Wednesday, June 16, 2010
Last week I discussed making 72 hour kits for disasters or other emergencies. This week we are going to begin a series on food storage, and what better way to start than an introduction to what food storage is all about.
What is food storage?
Food storage is a supply of food for a given length of time, ultimately one year.
What is the purpose of food storage?
The purpose of food storage is for it to be a safety net for hard times and major long-term disasters. One example might be if you become unemployed. With a supply of food, you'll still be able to eat, and can use the money you would of used for food toward other expenses, such as the mortgage/rent. It is also good for long-term disasters in an area, examples would be after an earthquake strikes an area. Some times when a natural disaster strikes, your house may receive little to no damage, however forms of aid for the area may be cut off due to problems with roads and airports. You may need food storage for a variety of reasons, such as serious illness or loss of a loved one(especially if they were the breadwinner). It will be a source of comfort to know that even if something unexpected happens, you still will have food for your family.

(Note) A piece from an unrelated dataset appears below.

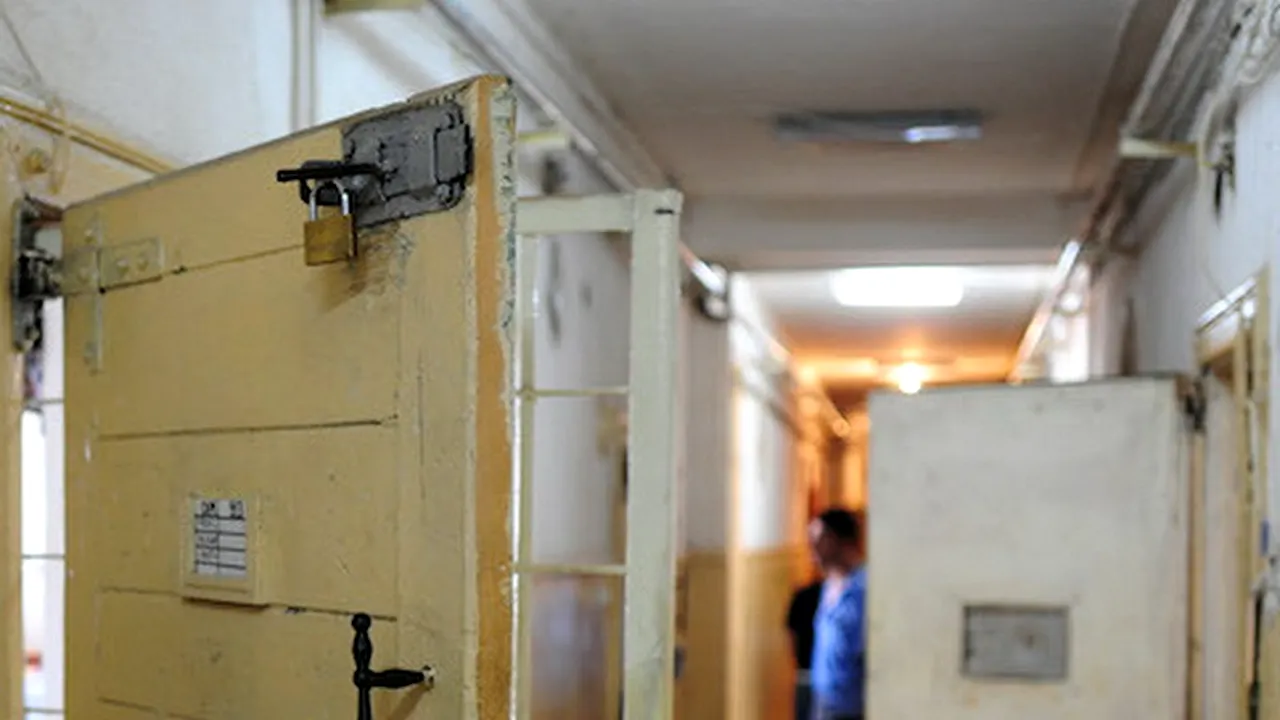 Administrația Națională a Penitenciarelor organizează concurs pentru 14 posturi de preot și 12 de medic
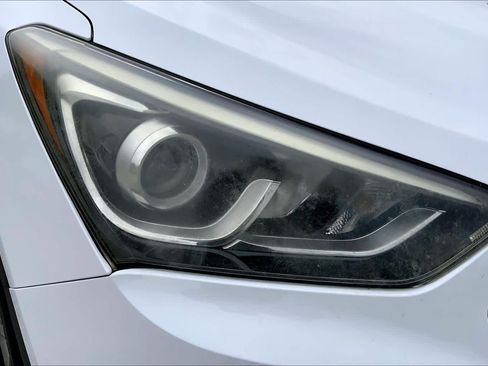 Used 2017 Hyundai Santa Fe Sport FWD image 27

How much food is one year's worth of food?
Well it depends on the size and needs of your family. 2 adults and a toddler is much less than 2 adults and a teenager. But have no fear, I found a handy online calculator for you to use to get at least an idea of how much you need. Head on over there and check out the numbers.

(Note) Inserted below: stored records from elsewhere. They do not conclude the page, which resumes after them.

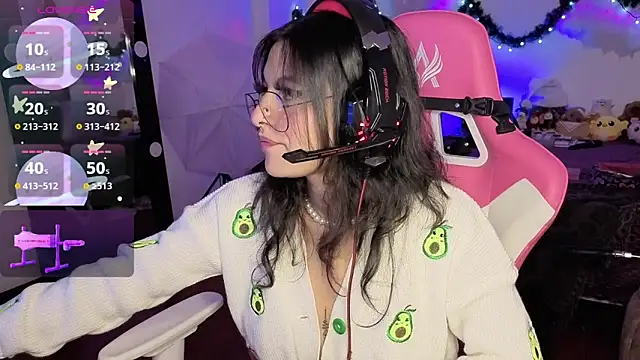 Snapshot of larah_uwu chatting on December 15, 2025, 7:29 pm larah uwu online show from December 15, 2025, 7:29 pm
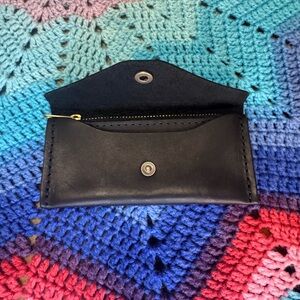 Portland Leather Goods Smooth Black Mini Zip Envelope Wallet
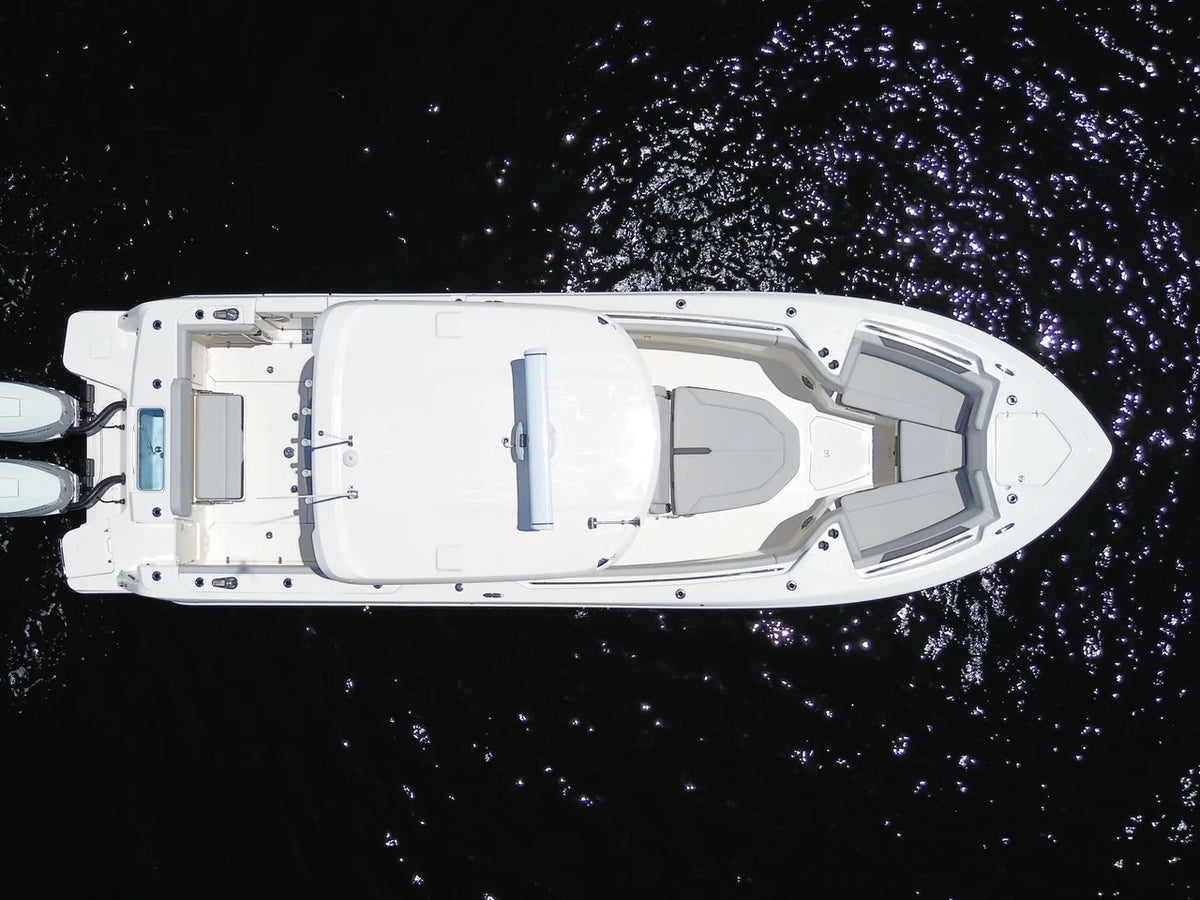 2026 Boston Whaler 330 Outrage 33.0 feet, Pompano Beach, Florida #19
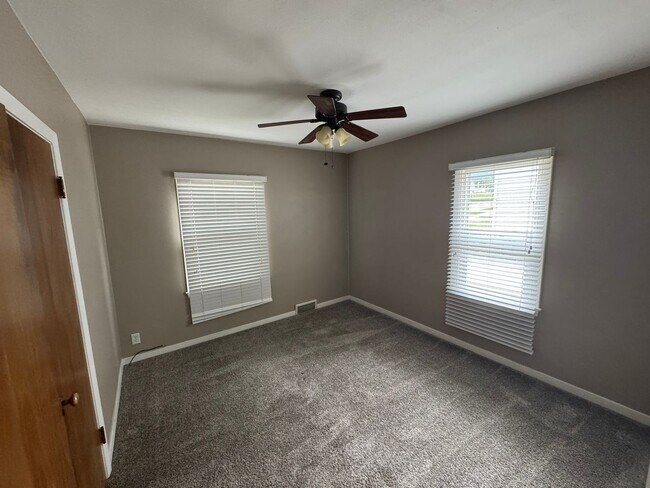 Building Photo - 3 Bedroom Cedar Falls House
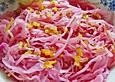 Krautsalat aus gekochtem Wei&szlig;kraut mit Speck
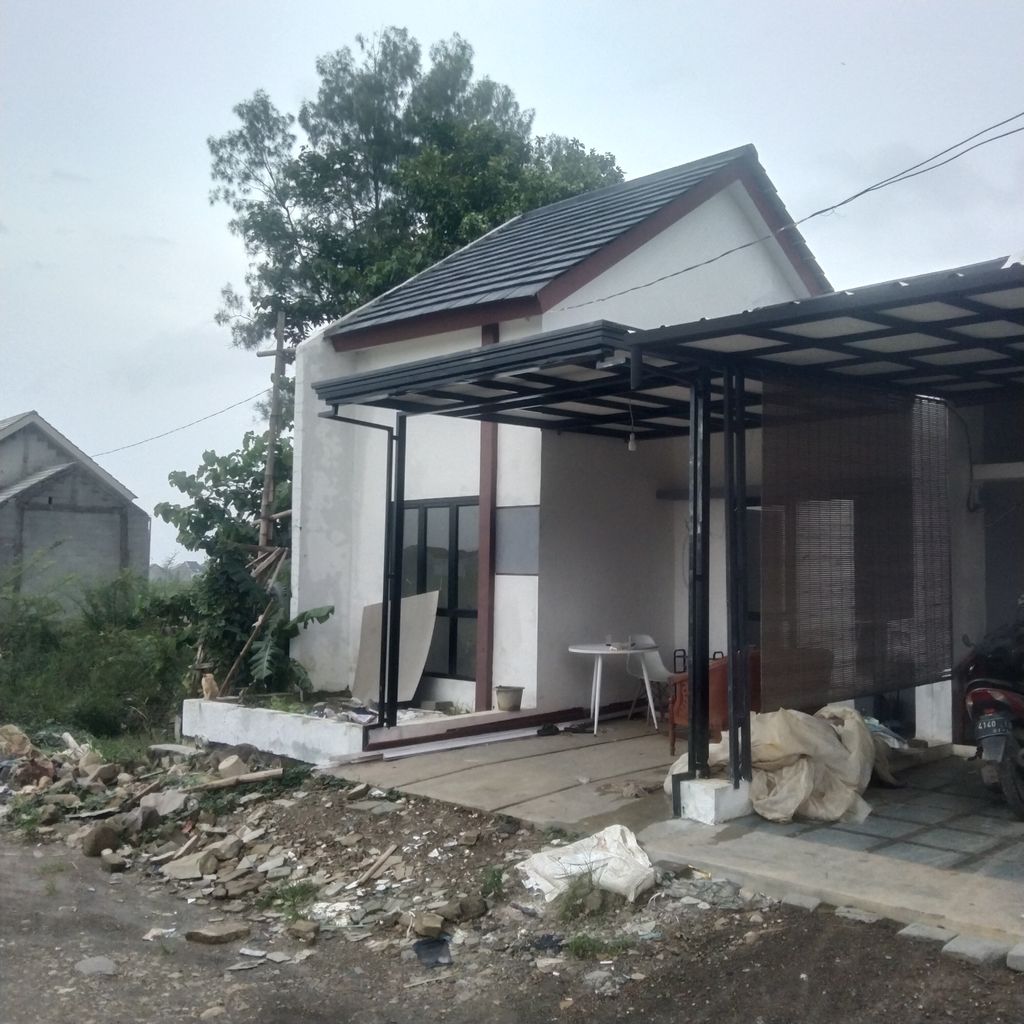 foto contoh rumah perumahan CIPTALAND ARJAWINANGUN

Wow that is a lot! How on earth will I ever acquire that much food?
A little at a time. It would completely defeat the purpose of food storage if you go into debt to obtain it. The easiest solution is to set shorter goals and work up to the ultimate goal of a year. Probably the best way to do it is to work toward a 3 months supply with foods you eat normally and can rotate through. At the same time you can work toward your year supply by buying an item here or there that lasts longer (like flour or sugar).

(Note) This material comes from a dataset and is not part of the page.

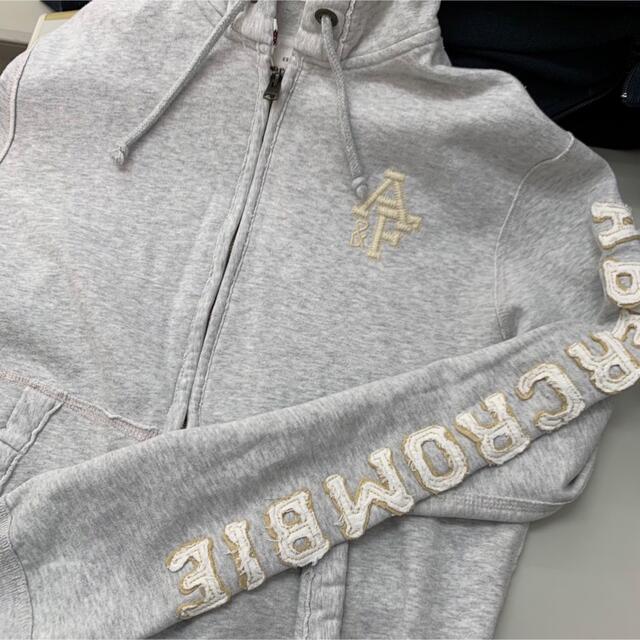 Abercrombie&Fitch(アバクロンビーアンドフィッチ)の【Abercrombie & Fitch】(アバクロ) 刺繍ジップアップパーカー メンズのトップス(パーカー)の商品写真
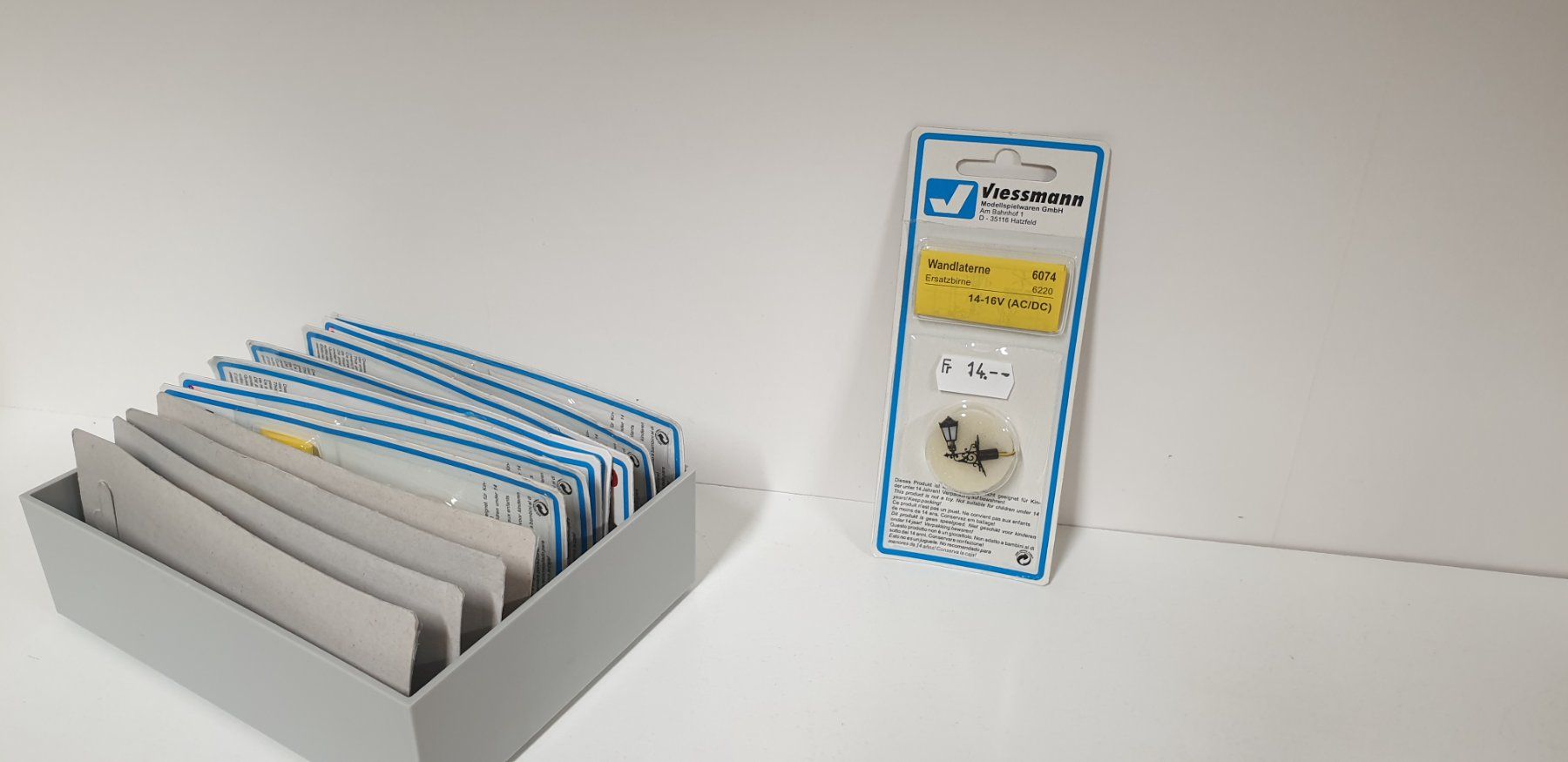 Viessmann Modellini di ferrovie: Viessmann Wandlaterne H0/AC-DC   6074 – Nuovo e nell'imballaggio originale da Neuenhof venduto da ludovicco 1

300 lbs of wheat? What would I ever do with that?
This is where some fine tuning will come in. If you have no idea how to use wheat or what to make with wheat, don't store it for now. It will do you no good to do so. For now substitute or for things you do no how to work with such as more flour, whole grain flour, wheat flour, etc. A good tip with the calculator is to look at the overall category, and try to meat that goal. So instead of 300 lbs of wheat, try to meet the goal of 600 lbs of grains. In future editions we'll look at how to work with some of the lesser used foods on the list, as well as some recipes for food storage items.
So there is a difference between the short term and long term food storage?
Yes. The short term storage (about 3 months worth) is generally food you eat normally day in and day out. You would rotate through it, and restock it from the grocery store as needed. Short term food storage is things like canned soups, mac and cheese, and other convenience foods. Longer term storage is made of things that will last for longer periods of time when stored in ideal conditions (more on that in future posts in this segment), and is made up of things such as flour, sugar, oats, dry beans, etc.
Where will I store all of it?
You'll have to be creative. I'll do a whole post on ideas in the future. We'll focus on getting the food first.